If you're a smart autodidact, you can get really far, really fast, to the point where most remaining challenges, especially in a similar field, feel isomorphic to ones you've previously solved.

If you like drawing, and it feels new, and you have enough money to support yourself...go for it! Don't feel guilty; you may well have exhausted most of what programming has to offer you personally.

> By that logic we should all be using punch cards.

That's a bit hyperbolic. High level languages have been around for literal decades and modern languages and modern programming feel mostly like they're just re-discovering or remixing old ideas. There's no reason to go all the way back to punch cards.

> That's a bit hyperbolic

It was meant to be, in response to OP's hyperbole that there's nothing new being created.

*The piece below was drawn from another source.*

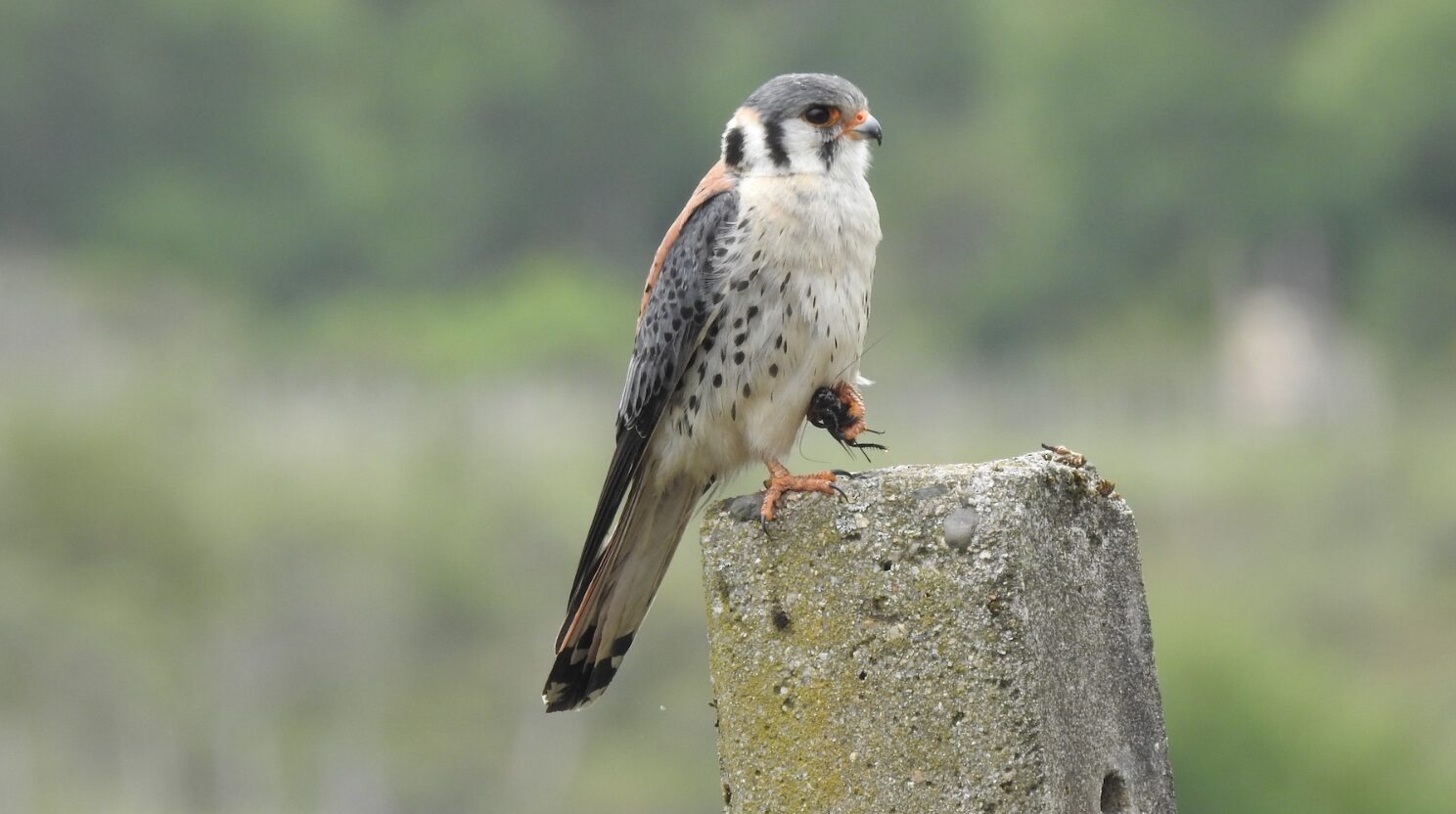 Falco sparverius_Alessandro Romulo Carneiro 2016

> It was meant to be, in response to OP's hyperbole that there's nothing new being created.

You are right. Sorry for not expressing myself with clarity. To say that there's nothing new being created is hyperbolic and it is not what I wanted to say.

I just wanted to note that the pace of change is too slow to keep things interesting for decades. I am sure that if I do not code for 20 years, I will need to learn new things to get back into it as enough changes will have had accumulated in that time.

I can't say i've got anything close to your experience, but for me programming isn't necessarily about the challenge of solving some programming problem, but using it to make things. I like being able to type words and numbers into a computer, give them meaning, and use them to create new things. I don't really care much about whatever's new or awesome. I just come up with things i want to make that are interesting to me and make them for the sake of it. It's using programming to make things that interests me, not so much the solving the challenges of programming itself.

For example, to use something you mentioned in another post, a* or djikstra's algorithms. They're used over and over again because they work well. But that can be anything from a massive AAA open worlder, to a simple 2d platformer, down to something like dwarf fortress. All of those are games, all of those are using those algorithms for similar purposes, but each of those games couldn't be more different than eachother.

It's similar to the way nearly all music is made from the same 8 notes and scales. But people don't usually learn to play music for the challenge of learning scales. People learn to play music so they can play songs they like or write their own songs.

Yea, I don't disagree at all!
Hold on, modern pub/sub frameworks are WAY nicer than dealing with CORBA. shudder
I was neck deep back in the days when the only acceptable API was SOAP. I still wonder if anyone actually designed their systems around that POS or if they all did the same thing we did, wrapped a sane protocol in umpteen layers of XML crap at the outer edge.